The procedure for the test involves comparing the fitted CDF (from a hypothesised distribution) against the empirical CDF (from a cumulative histogram of the data). As with all histograms, the exact shape of the histogram depends on the bins. The difference between the fitted CDF and the empirical CDF is used to find the chi-squared statistic. The specified level of significance (analogous to confidence level), the number of parameters in the hypothesised distribution, and the number of data points is used to obtain the chi-squared critical value from the chi-squared distribution. By comparing the chi-squared statistic with the chi-squared critical value, we can determine whether the hypothesis (that the data are from the specified distribution) should be rejected or accepted. The acceptance criteria is when the the chi-squared statistic is below the critical value.

API Reference

For inputs and outputs see the API reference.

In the example below we import a dataset called mileage which contains 100 values that appear to be normally distributed. Using the function chi2test we can determine whether we should accept the hypothesis that the data are from a Normal distribution with parameters mu=30011 and sigma=10472. This example is based on Example 2.31 (page 63) of Reliability Engineering and Risk Analysis (listed in recommended resources).
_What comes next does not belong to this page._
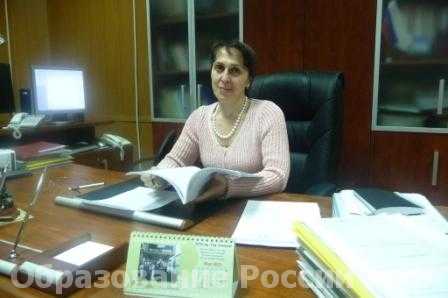 Директор ПУ №26 Басаева Зара Данилбековна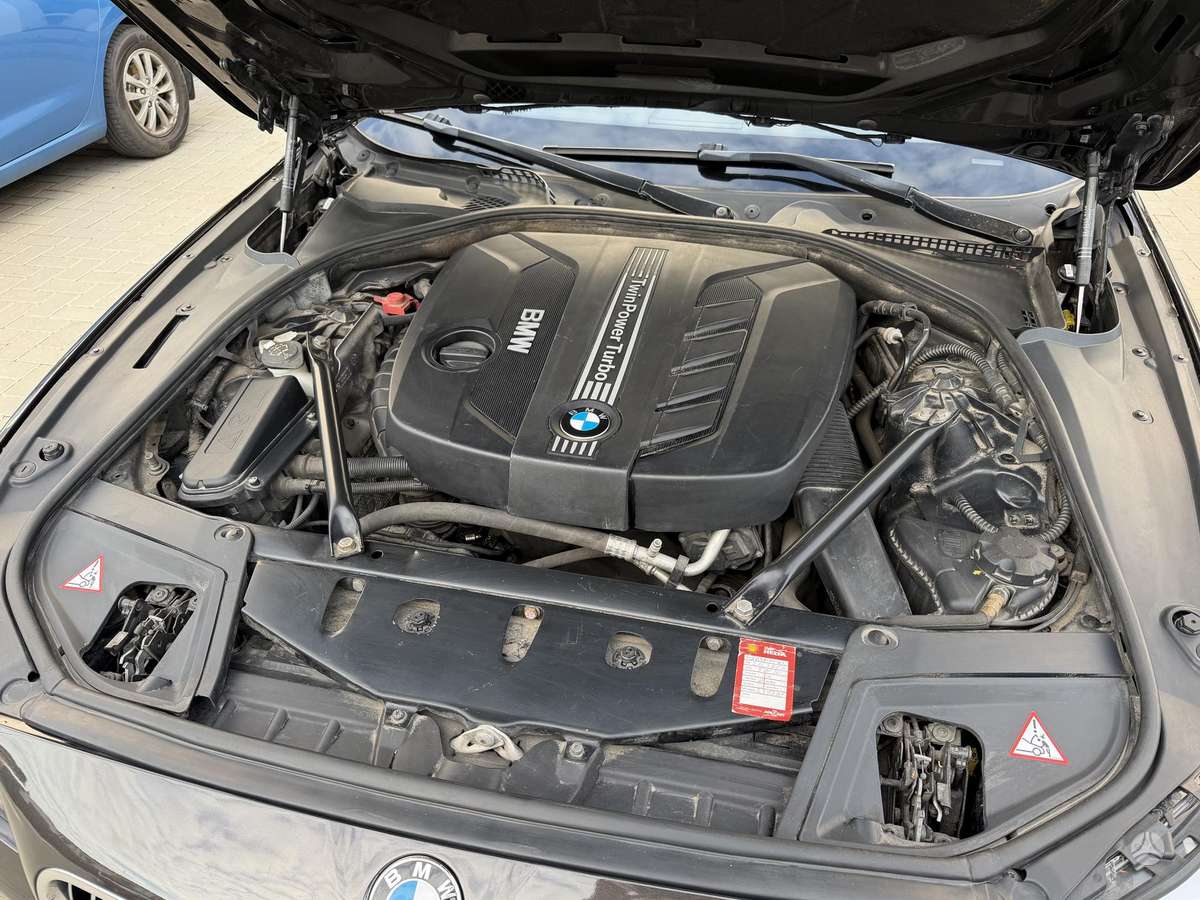 BMW 520, 2.0 l., Седан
from reliability.Datasets import mileage
from reliability.Distributions import Normal_Distribution
from reliability.Reliability_testing import chi2test
import numpy as np
import matplotlib.pyplot as plt

data = mileage().failures
dist = Normal_Distribution(mu=30011, sigma=10472)
bins = [0, 13417, 18104, 22791, 27478, 32165, 36852, 41539, 46226, np.inf] #it is not necessary to specify the bins and leaving them unspecified is usually best
chi2test(distribution=dist, data=data, bins=bins)
plt.show()

'''
Results from Chi-squared test:
Chi-squared statistic: 3.1294947845652
Chi-squared critical value: 12.591587243743977
At the 0.05 significance level, we can ACCEPT the hypothesis that the data comes from a Normal Distribution (μ=30011,σ=10472)
'''